The hip-hop journalist steps behind the camera for her debut documentary, Black August.

The Root Interview: dream hampton on 'Black August'

dream hampton first attracted attention in the '90s when she was writing for the hip-hop bible, The Source, but what most people don't realize is that writing was simply a diversion from hampton's real love, film.

"You can't help how people identify you, but film was the only reason I was in New York in the first place," hampton, a Detroit native, told The Root. Her film-directing credits include an award-winning short called "I Am Ali" in 2002. While attending NYU's Tisch School of the Arts, hampton filmed hip-hop icon Christopher "Notorious B.I.G" Wallace for a documentary-film class, and that footage was later used on an Emmy-winning VH1 documentary, Behind the Music: The Notorious B.I.G, for which she was the associate producer. Now hampton is preparing for this month's DVD release of her newest film, Black August: A Hip-Hop Documentary Concert, at the Sundance Film Festival.

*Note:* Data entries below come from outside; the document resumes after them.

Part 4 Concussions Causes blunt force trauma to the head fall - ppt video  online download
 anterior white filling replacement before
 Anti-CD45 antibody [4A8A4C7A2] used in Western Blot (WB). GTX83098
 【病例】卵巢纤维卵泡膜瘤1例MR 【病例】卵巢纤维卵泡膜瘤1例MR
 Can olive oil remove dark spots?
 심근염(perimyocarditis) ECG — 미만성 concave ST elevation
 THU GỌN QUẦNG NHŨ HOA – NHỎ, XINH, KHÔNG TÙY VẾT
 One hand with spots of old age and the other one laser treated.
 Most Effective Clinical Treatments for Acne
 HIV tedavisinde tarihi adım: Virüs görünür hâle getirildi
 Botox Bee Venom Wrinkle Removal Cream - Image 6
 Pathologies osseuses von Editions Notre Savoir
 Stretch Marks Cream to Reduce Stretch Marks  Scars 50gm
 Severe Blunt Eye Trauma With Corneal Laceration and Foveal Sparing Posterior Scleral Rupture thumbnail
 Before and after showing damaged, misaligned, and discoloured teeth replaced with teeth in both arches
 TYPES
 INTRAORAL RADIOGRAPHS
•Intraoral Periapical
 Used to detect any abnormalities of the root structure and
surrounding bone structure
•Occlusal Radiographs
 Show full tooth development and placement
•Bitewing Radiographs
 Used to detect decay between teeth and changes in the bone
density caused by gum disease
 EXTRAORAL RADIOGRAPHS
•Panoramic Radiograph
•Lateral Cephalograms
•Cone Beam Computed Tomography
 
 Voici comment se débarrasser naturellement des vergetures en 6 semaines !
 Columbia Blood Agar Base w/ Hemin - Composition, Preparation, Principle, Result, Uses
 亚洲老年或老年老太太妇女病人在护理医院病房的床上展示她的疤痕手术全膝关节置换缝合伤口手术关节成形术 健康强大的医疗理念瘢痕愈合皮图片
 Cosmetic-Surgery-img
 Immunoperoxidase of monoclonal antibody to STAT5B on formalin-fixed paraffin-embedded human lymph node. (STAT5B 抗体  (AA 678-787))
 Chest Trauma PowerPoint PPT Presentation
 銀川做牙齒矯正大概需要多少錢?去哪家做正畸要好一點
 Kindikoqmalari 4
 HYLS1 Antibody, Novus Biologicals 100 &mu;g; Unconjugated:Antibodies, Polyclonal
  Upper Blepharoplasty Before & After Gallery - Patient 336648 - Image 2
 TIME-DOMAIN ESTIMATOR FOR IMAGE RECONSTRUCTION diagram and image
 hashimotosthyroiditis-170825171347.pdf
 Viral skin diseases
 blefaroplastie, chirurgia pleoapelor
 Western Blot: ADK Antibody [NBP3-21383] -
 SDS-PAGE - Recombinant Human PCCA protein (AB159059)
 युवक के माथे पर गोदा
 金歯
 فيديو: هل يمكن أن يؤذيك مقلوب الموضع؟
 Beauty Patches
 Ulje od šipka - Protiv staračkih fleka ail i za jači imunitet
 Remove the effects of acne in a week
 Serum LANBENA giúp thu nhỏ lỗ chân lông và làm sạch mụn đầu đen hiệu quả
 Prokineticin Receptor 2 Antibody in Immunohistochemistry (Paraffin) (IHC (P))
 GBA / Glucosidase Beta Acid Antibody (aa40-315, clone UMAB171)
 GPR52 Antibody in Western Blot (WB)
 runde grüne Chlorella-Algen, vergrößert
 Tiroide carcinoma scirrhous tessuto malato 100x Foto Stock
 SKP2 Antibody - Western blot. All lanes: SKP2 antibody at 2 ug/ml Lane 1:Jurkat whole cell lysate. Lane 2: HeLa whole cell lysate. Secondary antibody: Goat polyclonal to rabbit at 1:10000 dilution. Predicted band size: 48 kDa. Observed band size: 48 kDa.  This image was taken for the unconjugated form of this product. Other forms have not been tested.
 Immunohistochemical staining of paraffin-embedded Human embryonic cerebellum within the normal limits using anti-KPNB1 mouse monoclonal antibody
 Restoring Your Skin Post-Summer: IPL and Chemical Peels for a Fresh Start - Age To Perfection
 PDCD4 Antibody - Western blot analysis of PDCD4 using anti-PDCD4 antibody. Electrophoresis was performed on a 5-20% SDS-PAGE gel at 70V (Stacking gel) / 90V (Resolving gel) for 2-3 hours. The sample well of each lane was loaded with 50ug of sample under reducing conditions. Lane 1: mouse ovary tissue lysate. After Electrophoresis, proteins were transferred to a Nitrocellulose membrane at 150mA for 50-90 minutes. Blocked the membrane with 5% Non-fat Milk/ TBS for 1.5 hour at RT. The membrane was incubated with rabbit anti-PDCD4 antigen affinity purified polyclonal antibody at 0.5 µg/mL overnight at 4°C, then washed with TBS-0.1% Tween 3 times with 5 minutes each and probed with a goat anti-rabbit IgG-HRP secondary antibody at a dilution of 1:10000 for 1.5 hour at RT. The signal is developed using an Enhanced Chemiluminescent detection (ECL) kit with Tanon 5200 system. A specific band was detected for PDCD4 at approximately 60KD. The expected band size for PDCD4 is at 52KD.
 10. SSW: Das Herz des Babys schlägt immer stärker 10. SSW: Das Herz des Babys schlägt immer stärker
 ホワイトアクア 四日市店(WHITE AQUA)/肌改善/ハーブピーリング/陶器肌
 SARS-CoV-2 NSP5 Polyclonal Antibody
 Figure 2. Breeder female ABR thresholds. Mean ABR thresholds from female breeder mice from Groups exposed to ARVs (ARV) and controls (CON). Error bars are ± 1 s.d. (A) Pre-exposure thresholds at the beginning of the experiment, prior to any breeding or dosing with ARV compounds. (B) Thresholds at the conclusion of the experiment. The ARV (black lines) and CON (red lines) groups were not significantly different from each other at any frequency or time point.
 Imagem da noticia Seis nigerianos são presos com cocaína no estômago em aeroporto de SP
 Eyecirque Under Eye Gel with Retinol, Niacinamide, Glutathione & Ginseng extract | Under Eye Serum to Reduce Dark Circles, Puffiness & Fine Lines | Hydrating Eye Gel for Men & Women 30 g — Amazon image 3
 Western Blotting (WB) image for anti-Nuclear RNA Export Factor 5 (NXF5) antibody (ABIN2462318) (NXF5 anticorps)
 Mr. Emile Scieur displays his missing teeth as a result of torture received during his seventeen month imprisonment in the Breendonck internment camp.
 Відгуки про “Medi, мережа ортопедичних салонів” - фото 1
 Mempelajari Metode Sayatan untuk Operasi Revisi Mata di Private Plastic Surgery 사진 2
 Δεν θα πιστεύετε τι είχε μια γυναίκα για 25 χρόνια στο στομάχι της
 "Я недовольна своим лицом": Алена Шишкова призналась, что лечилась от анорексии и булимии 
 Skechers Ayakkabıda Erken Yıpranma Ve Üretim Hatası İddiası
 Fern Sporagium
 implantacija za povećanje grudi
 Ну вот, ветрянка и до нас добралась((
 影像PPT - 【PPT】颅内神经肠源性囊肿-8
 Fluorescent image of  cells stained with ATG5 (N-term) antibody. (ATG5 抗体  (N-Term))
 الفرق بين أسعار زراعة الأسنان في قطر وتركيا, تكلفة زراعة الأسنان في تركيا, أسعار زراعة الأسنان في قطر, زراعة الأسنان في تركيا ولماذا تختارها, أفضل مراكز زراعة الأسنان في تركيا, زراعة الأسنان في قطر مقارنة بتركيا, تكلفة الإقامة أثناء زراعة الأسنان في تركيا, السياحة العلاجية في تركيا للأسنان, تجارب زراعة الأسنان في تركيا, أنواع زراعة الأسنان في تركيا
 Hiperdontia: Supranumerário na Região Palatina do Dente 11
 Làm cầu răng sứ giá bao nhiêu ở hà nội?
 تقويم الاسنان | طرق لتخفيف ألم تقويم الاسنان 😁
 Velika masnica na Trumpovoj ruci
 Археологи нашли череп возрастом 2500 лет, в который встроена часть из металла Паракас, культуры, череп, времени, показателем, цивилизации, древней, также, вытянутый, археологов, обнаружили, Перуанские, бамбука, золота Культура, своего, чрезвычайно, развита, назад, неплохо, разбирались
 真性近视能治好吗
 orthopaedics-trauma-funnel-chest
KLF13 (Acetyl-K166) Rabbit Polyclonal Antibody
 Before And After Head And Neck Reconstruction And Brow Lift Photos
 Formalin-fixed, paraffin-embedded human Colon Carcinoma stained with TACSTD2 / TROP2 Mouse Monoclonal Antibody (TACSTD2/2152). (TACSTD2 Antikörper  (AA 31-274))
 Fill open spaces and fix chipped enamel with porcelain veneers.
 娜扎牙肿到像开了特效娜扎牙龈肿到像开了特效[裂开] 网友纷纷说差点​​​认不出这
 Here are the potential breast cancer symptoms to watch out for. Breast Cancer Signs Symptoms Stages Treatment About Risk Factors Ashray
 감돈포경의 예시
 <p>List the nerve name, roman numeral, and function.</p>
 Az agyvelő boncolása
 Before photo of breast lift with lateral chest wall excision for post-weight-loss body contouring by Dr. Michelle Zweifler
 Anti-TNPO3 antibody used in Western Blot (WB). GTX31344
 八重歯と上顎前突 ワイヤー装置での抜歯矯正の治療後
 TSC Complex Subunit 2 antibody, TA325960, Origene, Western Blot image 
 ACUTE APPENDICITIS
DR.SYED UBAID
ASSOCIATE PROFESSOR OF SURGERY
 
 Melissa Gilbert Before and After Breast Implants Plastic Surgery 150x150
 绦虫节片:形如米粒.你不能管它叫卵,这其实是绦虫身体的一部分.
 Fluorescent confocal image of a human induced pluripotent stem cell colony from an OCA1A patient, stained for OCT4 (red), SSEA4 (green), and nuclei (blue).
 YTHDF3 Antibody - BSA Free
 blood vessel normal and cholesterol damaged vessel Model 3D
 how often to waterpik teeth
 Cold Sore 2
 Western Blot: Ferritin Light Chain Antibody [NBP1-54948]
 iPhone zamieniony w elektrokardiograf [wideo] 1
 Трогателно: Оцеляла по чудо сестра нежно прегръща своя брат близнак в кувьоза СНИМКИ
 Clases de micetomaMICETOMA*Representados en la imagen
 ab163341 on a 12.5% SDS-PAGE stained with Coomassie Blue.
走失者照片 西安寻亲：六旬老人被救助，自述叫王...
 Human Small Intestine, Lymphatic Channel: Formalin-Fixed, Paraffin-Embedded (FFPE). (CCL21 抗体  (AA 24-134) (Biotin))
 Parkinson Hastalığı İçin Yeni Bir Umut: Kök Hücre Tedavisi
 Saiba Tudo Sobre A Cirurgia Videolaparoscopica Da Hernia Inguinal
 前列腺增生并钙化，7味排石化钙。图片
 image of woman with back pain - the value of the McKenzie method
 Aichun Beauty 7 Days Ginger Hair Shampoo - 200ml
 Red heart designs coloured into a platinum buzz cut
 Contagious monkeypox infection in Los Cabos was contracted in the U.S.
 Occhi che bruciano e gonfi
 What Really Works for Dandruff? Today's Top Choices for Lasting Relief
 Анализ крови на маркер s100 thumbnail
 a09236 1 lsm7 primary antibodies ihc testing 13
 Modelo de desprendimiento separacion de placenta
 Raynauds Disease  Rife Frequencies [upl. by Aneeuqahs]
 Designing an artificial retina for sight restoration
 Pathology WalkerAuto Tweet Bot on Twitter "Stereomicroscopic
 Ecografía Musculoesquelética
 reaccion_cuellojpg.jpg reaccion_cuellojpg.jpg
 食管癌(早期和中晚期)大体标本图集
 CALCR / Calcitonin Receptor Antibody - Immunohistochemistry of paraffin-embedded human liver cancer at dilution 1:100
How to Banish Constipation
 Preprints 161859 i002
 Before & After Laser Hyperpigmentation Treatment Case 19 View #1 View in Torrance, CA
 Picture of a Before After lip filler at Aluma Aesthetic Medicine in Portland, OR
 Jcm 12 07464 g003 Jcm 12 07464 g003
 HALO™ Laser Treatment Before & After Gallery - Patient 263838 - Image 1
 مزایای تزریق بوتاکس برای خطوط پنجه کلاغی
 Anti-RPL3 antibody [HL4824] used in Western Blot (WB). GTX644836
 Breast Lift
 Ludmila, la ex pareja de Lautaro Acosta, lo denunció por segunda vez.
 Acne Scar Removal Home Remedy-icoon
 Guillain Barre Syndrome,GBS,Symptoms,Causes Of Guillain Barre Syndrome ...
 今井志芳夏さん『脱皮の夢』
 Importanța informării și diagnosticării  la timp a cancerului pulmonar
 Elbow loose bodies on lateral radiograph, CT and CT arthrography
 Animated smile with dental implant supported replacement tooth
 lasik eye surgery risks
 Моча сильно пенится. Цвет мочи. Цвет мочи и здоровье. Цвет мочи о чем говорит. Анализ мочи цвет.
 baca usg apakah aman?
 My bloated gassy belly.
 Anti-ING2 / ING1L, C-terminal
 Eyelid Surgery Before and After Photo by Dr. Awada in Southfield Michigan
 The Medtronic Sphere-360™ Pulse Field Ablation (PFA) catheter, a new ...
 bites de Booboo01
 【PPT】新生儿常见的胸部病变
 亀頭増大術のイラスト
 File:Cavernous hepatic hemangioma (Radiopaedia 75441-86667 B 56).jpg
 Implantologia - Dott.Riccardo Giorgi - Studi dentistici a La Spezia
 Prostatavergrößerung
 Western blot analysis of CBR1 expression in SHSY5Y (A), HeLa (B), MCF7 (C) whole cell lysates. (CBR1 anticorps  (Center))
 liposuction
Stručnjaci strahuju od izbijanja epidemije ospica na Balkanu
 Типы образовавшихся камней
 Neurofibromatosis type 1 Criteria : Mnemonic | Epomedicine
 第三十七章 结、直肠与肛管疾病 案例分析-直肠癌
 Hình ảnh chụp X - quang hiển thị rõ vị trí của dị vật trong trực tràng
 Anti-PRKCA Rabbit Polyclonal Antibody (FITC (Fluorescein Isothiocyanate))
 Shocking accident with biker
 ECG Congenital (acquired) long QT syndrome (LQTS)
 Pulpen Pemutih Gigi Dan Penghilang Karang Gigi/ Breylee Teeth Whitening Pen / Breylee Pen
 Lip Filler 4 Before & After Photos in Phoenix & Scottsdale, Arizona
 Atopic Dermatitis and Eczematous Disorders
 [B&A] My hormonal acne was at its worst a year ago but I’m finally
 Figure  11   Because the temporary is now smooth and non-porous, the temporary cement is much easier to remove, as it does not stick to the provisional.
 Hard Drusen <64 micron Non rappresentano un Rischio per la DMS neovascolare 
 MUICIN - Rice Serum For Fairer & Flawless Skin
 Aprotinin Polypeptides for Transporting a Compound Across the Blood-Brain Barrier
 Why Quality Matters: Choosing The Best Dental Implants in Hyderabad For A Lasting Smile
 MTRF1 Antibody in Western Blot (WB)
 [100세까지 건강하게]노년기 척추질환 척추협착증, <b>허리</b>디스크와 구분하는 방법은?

Black August, which premiered in August at Lincoln Center, combines archival footage from Black August Hip Hop Project concerts, while also telling the story of the black liberation struggle through the lives of black political prisoners, such as former Black Panther Assata Shakur, an African American in Cuban exile for the past 25 years. It was Shakur and fellow exile Nahanda Abiodun who, in 1998, inspired the founding of the Black August Hip Hop Project.

Sponsored by the Malcolm X Grassroots Movement (MXGM) -- a political-action organization with eight chapters nationwide, and created by activist and MXGM director Lumumba Bandele -- the Black August Hip Hop Project uses hip-hop music to bring awareness to the plight of black political prisoners while also helping fundraise for various causes, such as international cultural exchanges with artists from Cuba, Tanzania and South Africa.

hampton helped found the Brooklyn, N.Y., chapter of MXGM, organizing hip-hop concerts that highlighted various causes. "Our very first fundraisers were designed to help people with some of the most basic of needs," said hampton. "A lot of the time, we'd raise money for people who needed to have a lawyer at their hearing."